“it took me awhile,” said a member of an age set named for the 10 national construction projects of the late 1970s, before i recognized the man in the pictures, that young man with my mother. i remember that i called him ‘uncle’ for a long time. it took me a long time before i really knew that he was my father” the uncanny appearance of someone known only as a reflection of another time, an adingo, his father seemed to lack a position in his life as a real presence, a tireng.
in sowal no ‘amis, mirror, reflection, shadow, glass, and spirit are all called adingo. rahic, an ‘amis artist from makota’ay who goes about collecting glass on the beach every day–he wants to collect an entire ton of it for a piece in construction–calls his practice mikilim to adingo ako finding my glass / soul. he tells me that in the past, many elders, including his grandfather, did not like to look into a mirror: the uncanny appearance of one’s image there suggested that one could, if not careful, lose one’s soul to the soul-showing glass.
yet, today, we are a people obsessed with images, constrained to leave shadows behind…. one wonders, then about the technologies of creating images and their relationship to the longterm absence of men on the boats.
as i’ve written before, many lyrics associated with the far ocean fishing trade center on bodies, tireng:
dipoten to tireng namo (take care of your body)
akato piharateng to tireng ako (don’t worry about my body)
halafin ca ka’araw to tireng iso, idang (it’s been so long since i’ve seen your body, my friend)
cowa to maan ko maharatengay no mako, o tireng iso (i think of nothing but your body)
although photography takes the japanese loan word, sasin, which looks like “writing reality” in chinese characters, photography works through glass and captures shadows. it is the printing out of an adingo. the discontinuity between the image, say of a young man with a woman one might recognize as a younger version of one’s mother, and the physical presence of a body makes the appearance of the father uncanny.

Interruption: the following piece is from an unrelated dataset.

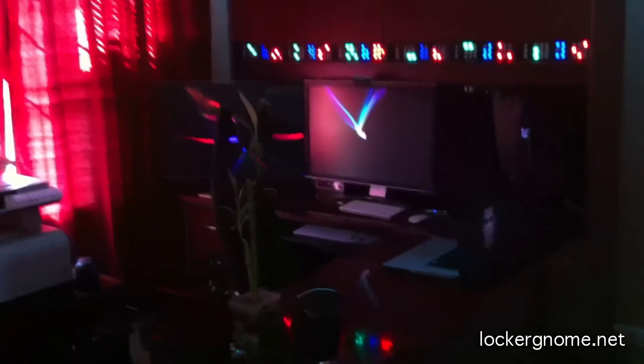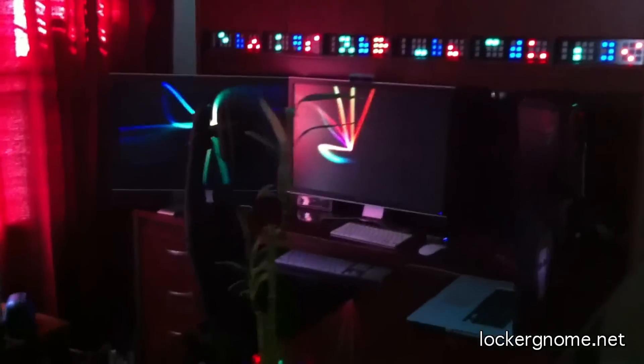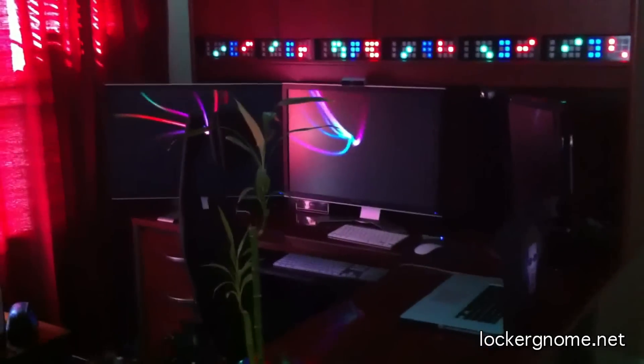Turning off the light. Bringing this into a low light environment. I'm going to take a moment to see how each phone does with video recording.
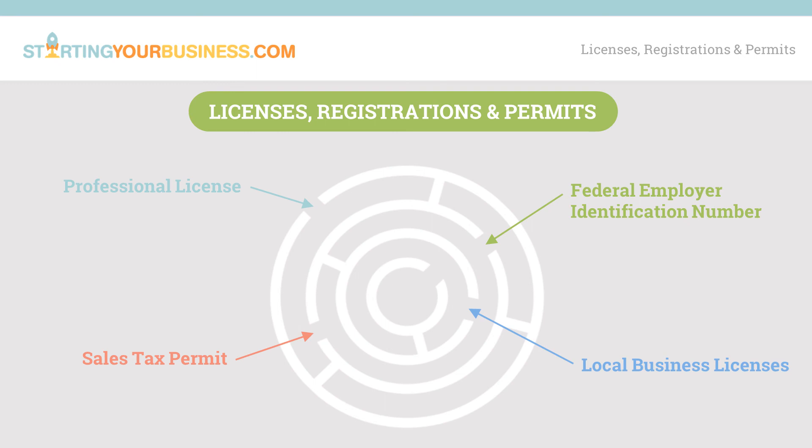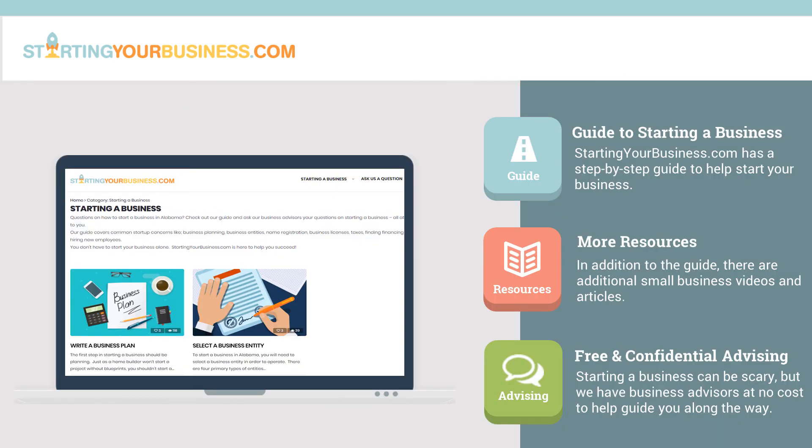For more information on how to get a business license for your business in Texas, check out StartingYourBusiness.com. If you like this video on what business licenses are needed in Texas, be sure to watch the others in the Starting a Business in Texas series. Starting a business can be difficult, but you don't have to do it on your own. The StartingYourBusiness.com site has lots of information to help get your business started, and we have experienced business advisors ready to answer your questions at no cost.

for the child, the problem is the lack of a referential chain–not iconic because the resemblance between adingo and tireng is evident–a series of indices that could connect the tireng to a possible statement by the mother: this is your father (pointing to the picture), call him father (pointing to the tireng).
the problem for the father, i suspect, is how to find the adingo. to bring the adingo back into the sphere of one’s embodied existence when the adingo, caught in a picture from another time, had replaced him
cima cimira? o ama ako han? cima cimira? o adingo kinia tireng han?